Note that many assemblies can use the same ancestor, but the same assembly cannot use many ancestors: For example, this is fine:

assembly ancestor
genome1 genome2
genome3 genome2

This will cause a fatal error:

assembly ancestor
genome1 genome2
genome1 genome3

It is also a good idea to set up a comparison of the ancestor genomes to themselves. This can be a quality control step, as we do not expect the pipeline to predict any mutations in a genome relative to itself. The following table demonstrates an implementation of this:

assembly ancestor
genome1 genome2
genome3 genome4
genome2 genome2
genome4 genome4

Valid workflows

  • analyse_genome_sizes
  • predict_IS_elements
  • predict_structural_variants
  • predict_replichore_balance
  • predict_SV_mechanism
  • annotate_SV_regions
  • run_all

For detailed information on each workflow, please see the workflows page


Options

These options can be

  • --masked: Mask insertion sequences with NNNs. Masking repeats can help detect structural mutations.

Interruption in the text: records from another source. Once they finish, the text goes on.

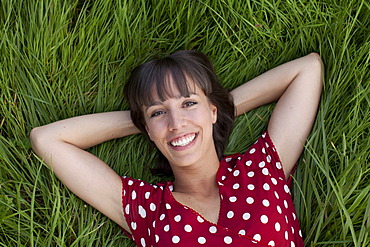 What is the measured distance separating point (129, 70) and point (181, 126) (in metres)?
0.73

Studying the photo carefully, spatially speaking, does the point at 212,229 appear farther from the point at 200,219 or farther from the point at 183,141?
the point at 183,141

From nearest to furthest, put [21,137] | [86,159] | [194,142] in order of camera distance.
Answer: [194,142], [86,159], [21,137]

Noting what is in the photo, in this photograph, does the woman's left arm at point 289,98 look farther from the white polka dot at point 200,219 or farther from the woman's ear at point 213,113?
the white polka dot at point 200,219

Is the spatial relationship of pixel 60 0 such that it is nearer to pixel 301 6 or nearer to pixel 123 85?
pixel 123 85

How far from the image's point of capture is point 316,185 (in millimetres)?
2482

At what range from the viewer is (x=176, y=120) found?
222cm

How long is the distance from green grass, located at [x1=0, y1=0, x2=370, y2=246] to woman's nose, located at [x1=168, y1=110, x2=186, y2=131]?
0.55m

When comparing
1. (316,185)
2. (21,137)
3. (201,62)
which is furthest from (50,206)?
(316,185)

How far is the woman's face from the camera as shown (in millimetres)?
2242

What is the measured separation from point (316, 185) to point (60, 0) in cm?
176

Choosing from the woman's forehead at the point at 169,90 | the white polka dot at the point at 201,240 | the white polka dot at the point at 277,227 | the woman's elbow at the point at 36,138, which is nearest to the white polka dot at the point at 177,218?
the white polka dot at the point at 201,240

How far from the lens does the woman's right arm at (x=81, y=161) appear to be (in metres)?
2.42

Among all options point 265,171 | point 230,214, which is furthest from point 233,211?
point 265,171

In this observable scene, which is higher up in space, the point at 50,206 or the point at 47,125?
the point at 47,125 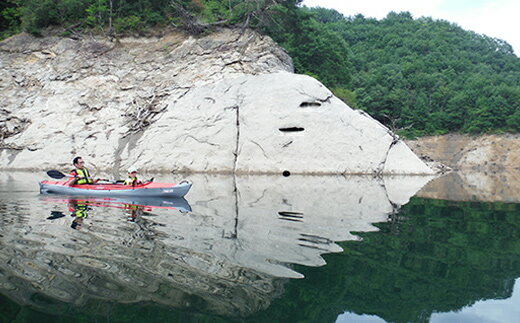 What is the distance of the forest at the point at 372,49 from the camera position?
86.3ft

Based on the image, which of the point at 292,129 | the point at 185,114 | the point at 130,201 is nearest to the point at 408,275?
the point at 130,201

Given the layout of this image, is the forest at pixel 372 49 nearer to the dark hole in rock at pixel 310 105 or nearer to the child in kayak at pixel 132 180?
the dark hole in rock at pixel 310 105

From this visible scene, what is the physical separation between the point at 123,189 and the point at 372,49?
51055 mm

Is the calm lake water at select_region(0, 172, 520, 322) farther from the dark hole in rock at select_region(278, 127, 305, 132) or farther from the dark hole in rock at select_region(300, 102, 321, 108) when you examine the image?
the dark hole in rock at select_region(300, 102, 321, 108)

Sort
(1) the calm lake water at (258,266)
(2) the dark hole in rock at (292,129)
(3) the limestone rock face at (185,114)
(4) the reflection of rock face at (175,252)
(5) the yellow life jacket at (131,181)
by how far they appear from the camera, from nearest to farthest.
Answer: (1) the calm lake water at (258,266) → (4) the reflection of rock face at (175,252) → (5) the yellow life jacket at (131,181) → (3) the limestone rock face at (185,114) → (2) the dark hole in rock at (292,129)

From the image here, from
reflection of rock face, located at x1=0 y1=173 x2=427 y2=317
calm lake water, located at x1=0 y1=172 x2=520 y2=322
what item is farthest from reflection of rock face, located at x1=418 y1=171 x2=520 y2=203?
reflection of rock face, located at x1=0 y1=173 x2=427 y2=317

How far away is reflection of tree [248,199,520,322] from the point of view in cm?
341

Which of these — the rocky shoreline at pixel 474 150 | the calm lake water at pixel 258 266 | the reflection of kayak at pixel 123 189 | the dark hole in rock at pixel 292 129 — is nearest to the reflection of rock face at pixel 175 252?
the calm lake water at pixel 258 266

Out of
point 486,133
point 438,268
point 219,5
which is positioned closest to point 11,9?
point 219,5

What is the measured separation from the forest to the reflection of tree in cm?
1754

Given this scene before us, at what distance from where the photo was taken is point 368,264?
4559mm

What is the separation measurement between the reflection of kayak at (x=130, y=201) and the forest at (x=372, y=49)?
15.8 m

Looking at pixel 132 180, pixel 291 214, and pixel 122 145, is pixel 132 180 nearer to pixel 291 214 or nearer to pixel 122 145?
pixel 291 214

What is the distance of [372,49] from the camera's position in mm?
55969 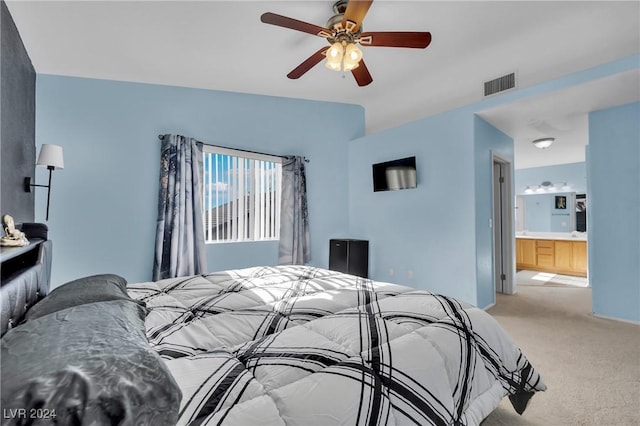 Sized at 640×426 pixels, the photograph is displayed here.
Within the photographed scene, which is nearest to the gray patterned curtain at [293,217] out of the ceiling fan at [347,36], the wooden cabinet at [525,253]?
the ceiling fan at [347,36]

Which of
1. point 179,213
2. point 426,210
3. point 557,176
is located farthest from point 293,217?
point 557,176

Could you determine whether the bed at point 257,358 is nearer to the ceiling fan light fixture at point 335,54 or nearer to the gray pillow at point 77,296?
the gray pillow at point 77,296

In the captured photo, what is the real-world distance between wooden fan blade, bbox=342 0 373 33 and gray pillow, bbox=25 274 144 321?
2009 millimetres

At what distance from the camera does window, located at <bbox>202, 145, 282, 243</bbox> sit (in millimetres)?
3801

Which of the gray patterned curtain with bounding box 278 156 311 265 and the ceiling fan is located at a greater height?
the ceiling fan

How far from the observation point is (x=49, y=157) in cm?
235

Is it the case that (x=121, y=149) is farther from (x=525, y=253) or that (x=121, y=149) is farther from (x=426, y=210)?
(x=525, y=253)

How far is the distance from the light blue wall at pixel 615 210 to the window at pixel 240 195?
378 cm

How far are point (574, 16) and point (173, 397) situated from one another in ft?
13.0

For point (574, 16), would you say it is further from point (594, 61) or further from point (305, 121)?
point (305, 121)

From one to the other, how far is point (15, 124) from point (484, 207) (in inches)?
174

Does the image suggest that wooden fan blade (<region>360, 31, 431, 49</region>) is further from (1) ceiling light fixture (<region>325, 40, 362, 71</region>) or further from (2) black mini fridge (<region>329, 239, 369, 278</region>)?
(2) black mini fridge (<region>329, 239, 369, 278</region>)

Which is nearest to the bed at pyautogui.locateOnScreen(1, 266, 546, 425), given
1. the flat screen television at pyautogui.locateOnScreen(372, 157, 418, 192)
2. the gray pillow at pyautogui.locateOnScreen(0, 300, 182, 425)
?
the gray pillow at pyautogui.locateOnScreen(0, 300, 182, 425)

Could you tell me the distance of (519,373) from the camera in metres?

Additional Snakemake argument

Any valid Snakemake argument can be passed at the end of the command, but the following are the most commonly used options

  • -np: This flag performs a 'dry-run' of the command i.e. it checks to see that all of the input files necessary for that command are present, or can be generated by seabreeze. It can helpful to run this before a computationally expensive step such as predicting IS elements, or predicting SVs.

If a command was terminated before it was completed, Snakemake may prompt you to use these flags when you run the same command again:

  • --unlock: Snakemake will "lock" a directory if all of the output files were not completed before the processes were terminated. Use this flag to unlock the directory.
  • --rerun-incomplete: To allow Snakemake to remake any output files that were not completed in the prior run.

  • --conda-frontend conda: Some users have reported a CreatedCondaEnvironmentException that arises when trying to run any of the Snakemake workflows (see below). Appending this flag should address this issue.

CreateCondaEnvironmentException:
The 'mamba' command is not available in the shell /usr/bin/bash that will be used by Snakemake. You have to ensure that it is in your PATH, e.g., first activating the conda base environment with `conda activate base`.The mamba package manager (https://github.com/mamba-org/mamba) is a fast and robust conda replacement. It is the recommended way of using Snakemake's conda integration. It can be installed with `conda install -n base -c conda-forge mamba`. If you still prefer to use conda, you can enforce that by setting `--conda-frontend conda`.